[Problem to work on]: Exact repetition of every record is required.

[Data for processing]:
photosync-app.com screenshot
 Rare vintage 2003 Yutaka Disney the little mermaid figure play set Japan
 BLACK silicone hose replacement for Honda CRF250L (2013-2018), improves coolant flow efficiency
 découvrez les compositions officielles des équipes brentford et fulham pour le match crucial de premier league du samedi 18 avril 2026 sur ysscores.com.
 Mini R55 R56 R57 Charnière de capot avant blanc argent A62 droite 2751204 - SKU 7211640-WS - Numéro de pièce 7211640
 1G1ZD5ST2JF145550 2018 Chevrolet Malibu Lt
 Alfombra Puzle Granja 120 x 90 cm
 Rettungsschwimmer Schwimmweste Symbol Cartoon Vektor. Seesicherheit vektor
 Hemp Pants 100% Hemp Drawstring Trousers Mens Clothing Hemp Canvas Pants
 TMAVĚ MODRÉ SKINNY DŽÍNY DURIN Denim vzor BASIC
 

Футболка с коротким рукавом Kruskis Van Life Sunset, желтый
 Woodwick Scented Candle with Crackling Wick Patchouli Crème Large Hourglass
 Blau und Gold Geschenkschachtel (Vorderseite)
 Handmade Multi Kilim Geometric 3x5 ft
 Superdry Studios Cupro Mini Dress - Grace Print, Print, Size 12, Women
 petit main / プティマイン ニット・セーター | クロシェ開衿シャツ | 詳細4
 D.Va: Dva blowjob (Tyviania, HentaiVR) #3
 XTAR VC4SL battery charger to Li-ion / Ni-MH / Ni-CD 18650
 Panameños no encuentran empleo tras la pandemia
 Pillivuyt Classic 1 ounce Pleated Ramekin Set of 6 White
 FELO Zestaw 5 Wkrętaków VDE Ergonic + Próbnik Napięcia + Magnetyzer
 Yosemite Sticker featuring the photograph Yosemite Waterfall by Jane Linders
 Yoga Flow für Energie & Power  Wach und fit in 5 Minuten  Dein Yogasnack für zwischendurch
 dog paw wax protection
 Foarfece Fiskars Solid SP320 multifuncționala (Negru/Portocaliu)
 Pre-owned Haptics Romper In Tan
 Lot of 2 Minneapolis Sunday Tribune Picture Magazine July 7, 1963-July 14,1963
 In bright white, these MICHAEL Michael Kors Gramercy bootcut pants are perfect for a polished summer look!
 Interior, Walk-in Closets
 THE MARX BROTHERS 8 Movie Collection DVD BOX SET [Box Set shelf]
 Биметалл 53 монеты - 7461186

[Finished task]:
photosync-app.com screenshot
 Rare vintage 2003 Yutaka Disney the little mermaid figure play set Japan
 BLACK silicone hose replacement for Honda CRF250L (2013-2018), improves coolant flow efficiency
 découvrez les compositions officielles des équipes brentford et fulham pour le match crucial de premier league du samedi 18 avril 2026 sur ysscores.com.
 Mini R55 R56 R57 Charnière de capot avant blanc argent A62 droite 2751204 - SKU 7211640-WS - Numéro de pièce 7211640
 1G1ZD5ST2JF145550 2018 Chevrolet Malibu Lt
 Alfombra Puzle Granja 120 x 90 cm
 Rettungsschwimmer Schwimmweste Symbol Cartoon Vektor. Seesicherheit vektor
 Hemp Pants 100% Hemp Drawstring Trousers Mens Clothing Hemp Canvas Pants
 TMAVĚ MODRÉ SKINNY DŽÍNY DURIN Denim vzor BASIC
 

Футболка с коротким рукавом Kruskis Van Life Sunset, желтый
 Woodwick Scented Candle with Crackling Wick Patchouli Crème Large Hourglass
 Blau und Gold Geschenkschachtel (Vorderseite)
 Handmade Multi Kilim Geometric 3x5 ft
 Superdry Studios Cupro Mini Dress - Grace Print, Print, Size 12, Women
 petit main / プティマイン ニット・セーター | クロシェ開衿シャツ | 詳細4
 D.Va: Dva blowjob (Tyviania, HentaiVR) #3
 XTAR VC4SL battery charger to Li-ion / Ni-MH / Ni-CD 18650
 Panameños no encuentran empleo tras la pandemia
 Pillivuyt Classic 1 ounce Pleated Ramekin Set of 6 White
 FELO Zestaw 5 Wkrętaków VDE Ergonic + Próbnik Napięcia + Magnetyzer
 Yosemite Sticker featuring the photograph Yosemite Waterfall by Jane Linders
 Yoga Flow für Energie & Power  Wach und fit in 5 Minuten  Dein Yogasnack für zwischendurch
 dog paw wax protection
 Foarfece Fiskars Solid SP320 multifuncționala (Negru/Portocaliu)
 Pre-owned Haptics Romper In Tan
 Lot of 2 Minneapolis Sunday Tribune Picture Magazine July 7, 1963-July 14,1963
 In bright white, these MICHAEL Michael Kors Gramercy bootcut pants are perfect for a polished summer look!
 Interior, Walk-in Closets
 THE MARX BROTHERS 8 Movie Collection DVD BOX SET [Box Set shelf]
 Биметалл 53 монеты - 7461186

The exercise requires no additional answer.